Sur la colline Nkongwe, en commune Ruyigi dans la province de Buhumuza, des habitants dénoncent des propos qui ravivent les blessures des anciens conflits et menacent la cohésion sociale. Lors d’une activité de sensibilisation soutenue par La Benevolencija, citoyens, autorités locales et psychologue ont appelé au dialogue, au pardon et à l’éducation des jeunes pour prévenir la transmission de la haine entre générations.
Dans le cadre d’un projet de lutte contre les discours de haine, des journalistes appuyés par La Benevolencija se sont rendus sur la colline Nkongwe, en zone Butezi, commune Ruyigi, dans la province de Buhumuza. L’objectif était d’échanger avec les habitants sur les discours qui ravivent les blessures du passé ainsi que sur leurs conséquences au sein de la société.
Au cours des échanges, plusieurs habitants ont dénoncé des propos qui entretiennent les rancunes, les divisions et la méfiance entre les communautés.
Espérance Nibigira estime que garder en soi les conflits du passé nourrit progressivement la haine. « Lorsqu’une personne conserve dans son cœur les blessures d’un ancien conflit, cela continue d’alimenter la haine. Lorsqu’elle rencontre la personne concernée, elle peut même envisager de se venger », explique-t-elle
Selon elle, ces discours peuvent provoquer des disputes, des violences, voire des affrontements meurtriers. Elle invite ainsi les habitants à sensibiliser ceux qui tiennent de tels propos afin d’éviter de nouvelles divisions.

Melisa Iratabara partage les mêmes inquiétudes. Pour elle, le fait de rappeler constamment les événements douloureux du passé fragilise la paix et menace la sécurité communautaire. « Cela pousse les gens à se disputer et parfois à se battre.

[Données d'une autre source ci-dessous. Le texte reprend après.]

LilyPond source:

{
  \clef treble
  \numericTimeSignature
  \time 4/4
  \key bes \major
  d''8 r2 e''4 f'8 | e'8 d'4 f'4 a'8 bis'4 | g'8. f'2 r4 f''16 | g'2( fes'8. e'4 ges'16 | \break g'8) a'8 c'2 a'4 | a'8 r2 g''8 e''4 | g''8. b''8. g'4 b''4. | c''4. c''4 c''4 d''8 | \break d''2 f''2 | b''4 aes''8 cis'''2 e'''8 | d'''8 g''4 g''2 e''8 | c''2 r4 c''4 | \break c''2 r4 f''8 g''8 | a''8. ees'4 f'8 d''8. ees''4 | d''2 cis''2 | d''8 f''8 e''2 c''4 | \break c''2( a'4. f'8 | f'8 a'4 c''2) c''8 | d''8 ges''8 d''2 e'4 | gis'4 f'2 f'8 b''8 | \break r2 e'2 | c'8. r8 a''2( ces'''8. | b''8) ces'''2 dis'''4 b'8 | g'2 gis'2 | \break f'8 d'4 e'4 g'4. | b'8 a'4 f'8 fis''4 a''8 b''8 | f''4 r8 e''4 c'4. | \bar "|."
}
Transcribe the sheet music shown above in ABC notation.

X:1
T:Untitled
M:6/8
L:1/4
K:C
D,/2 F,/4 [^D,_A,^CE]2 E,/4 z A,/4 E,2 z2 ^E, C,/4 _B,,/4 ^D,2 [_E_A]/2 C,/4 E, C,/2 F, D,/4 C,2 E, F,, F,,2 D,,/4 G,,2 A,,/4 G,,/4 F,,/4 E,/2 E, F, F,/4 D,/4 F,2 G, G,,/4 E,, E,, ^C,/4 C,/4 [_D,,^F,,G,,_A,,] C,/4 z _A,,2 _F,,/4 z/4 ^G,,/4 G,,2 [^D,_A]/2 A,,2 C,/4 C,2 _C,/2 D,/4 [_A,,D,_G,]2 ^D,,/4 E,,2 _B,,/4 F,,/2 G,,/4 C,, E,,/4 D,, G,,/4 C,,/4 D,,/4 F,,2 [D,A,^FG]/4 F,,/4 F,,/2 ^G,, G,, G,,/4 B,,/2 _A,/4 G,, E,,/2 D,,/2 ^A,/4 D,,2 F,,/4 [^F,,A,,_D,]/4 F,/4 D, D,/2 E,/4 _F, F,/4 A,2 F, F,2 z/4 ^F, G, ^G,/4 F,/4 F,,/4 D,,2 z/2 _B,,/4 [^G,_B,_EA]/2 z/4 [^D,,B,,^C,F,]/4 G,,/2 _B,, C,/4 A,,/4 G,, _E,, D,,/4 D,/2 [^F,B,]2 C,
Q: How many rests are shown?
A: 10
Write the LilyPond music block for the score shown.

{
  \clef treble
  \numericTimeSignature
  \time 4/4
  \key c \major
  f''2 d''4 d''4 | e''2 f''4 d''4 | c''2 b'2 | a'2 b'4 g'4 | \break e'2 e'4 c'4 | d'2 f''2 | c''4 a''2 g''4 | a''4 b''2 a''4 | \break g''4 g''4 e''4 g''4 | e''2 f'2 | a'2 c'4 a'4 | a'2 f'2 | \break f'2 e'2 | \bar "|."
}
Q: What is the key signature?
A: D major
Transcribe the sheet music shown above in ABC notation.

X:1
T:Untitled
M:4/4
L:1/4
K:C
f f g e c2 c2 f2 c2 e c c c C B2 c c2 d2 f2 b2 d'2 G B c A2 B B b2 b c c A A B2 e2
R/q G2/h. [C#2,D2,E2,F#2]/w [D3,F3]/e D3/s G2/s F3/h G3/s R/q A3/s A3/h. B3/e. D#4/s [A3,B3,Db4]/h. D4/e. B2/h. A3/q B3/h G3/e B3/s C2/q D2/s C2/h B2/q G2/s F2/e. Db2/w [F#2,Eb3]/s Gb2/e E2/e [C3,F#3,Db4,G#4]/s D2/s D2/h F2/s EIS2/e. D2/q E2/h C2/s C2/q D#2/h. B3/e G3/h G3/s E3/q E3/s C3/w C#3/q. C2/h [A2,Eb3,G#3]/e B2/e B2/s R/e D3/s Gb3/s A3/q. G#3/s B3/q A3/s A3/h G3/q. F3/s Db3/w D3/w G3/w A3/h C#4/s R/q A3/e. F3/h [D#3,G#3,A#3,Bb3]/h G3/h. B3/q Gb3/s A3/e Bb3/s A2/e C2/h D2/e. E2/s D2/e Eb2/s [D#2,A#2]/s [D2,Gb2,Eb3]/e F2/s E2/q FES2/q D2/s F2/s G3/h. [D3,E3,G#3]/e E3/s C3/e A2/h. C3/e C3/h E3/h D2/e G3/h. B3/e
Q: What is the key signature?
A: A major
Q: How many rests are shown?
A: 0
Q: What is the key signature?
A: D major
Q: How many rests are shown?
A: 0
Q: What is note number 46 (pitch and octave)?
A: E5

Même ceux qui tentent de réconcilier les autres peuvent être blessés », souligne-t-elle.
Des blessures transmises de génération en génération
Stanislas Nijembazi déplore que certaines personnes continuent d’entretenir la haine en évoquant des violences anciennes. Il arrive qu’on dise à quelqu’un : “Ce sont eux qui ont exterminé les tiens”. Ces propos poussent même les descendants des familles concernées à grandir avec la haine, affirme-t-il.
Selon lui, il est indispensable de renforcer l’éducation des jeunes afin qu’ils privilégient l’unité et le développement plutôt que les divisions héritées du passé.
De son côté, Pierre Nshimirimana rappelle que le Burundi a connu des conflits ethniques dont les séquelles continuent parfois d’alimenter les tensions sociales et politiques. « Certains utilisent ces discours pour défendre leurs intérêts ou rallier des groupes à leur cause », explique-t-il.
Il plaide pour le renforcement des actions de réconciliation impliquant les autorités, les médias et les organisations religieuses afin de promouvoir le pardon et la cohésion sociale.
Les autorités locales et les spécialistes appellent au dialogue

Asmani Bimazubute, chef de la sous-colline Nankage, estime que la persistance de ces discours pourrait conduire à de graves conflits communautaires. « Lorsque les gens restent divisés, la haine et le désir de vengeance peuvent réapparaître », avertit-il.
Pour éviter que ces tensions ne se transmettent aux familles et aux générations futures, il insiste sur l’importance du pardon et du vivre-ensemble. « Nous sensibilisons toujours les habitants à privilégier l’unité. Lorsqu’il y a des conflits, nous les conseillons afin que les différends du passé restent dans le passé et ne soient pas transmis aux familles. Quand les gens se pardonnent, leurs descendants vivent également en paix », explique-t-il.
Le psychologue Alexis Niyibigira met lui aussi en garde contre les conséquences psychologiques et sociales de ces discours. « On évoque souvent les souffrances du passé non pas pour guérir, mais pour raviver les rancunes envers certains groupes », analyse-t-il.
Selon ce spécialiste, l’utilisation répétée des souvenirs liés aux guerres, aux violences et aux traumatismes réactive les blessures émotionnelles, alimente la stigmatisation et compromet les efforts de réconciliation. Il recommande une approche fondée sur la reconnaissance des souffrances de chacun, le dialogue, l’éducation et l’engagement communautaire afin de construire une paix durable.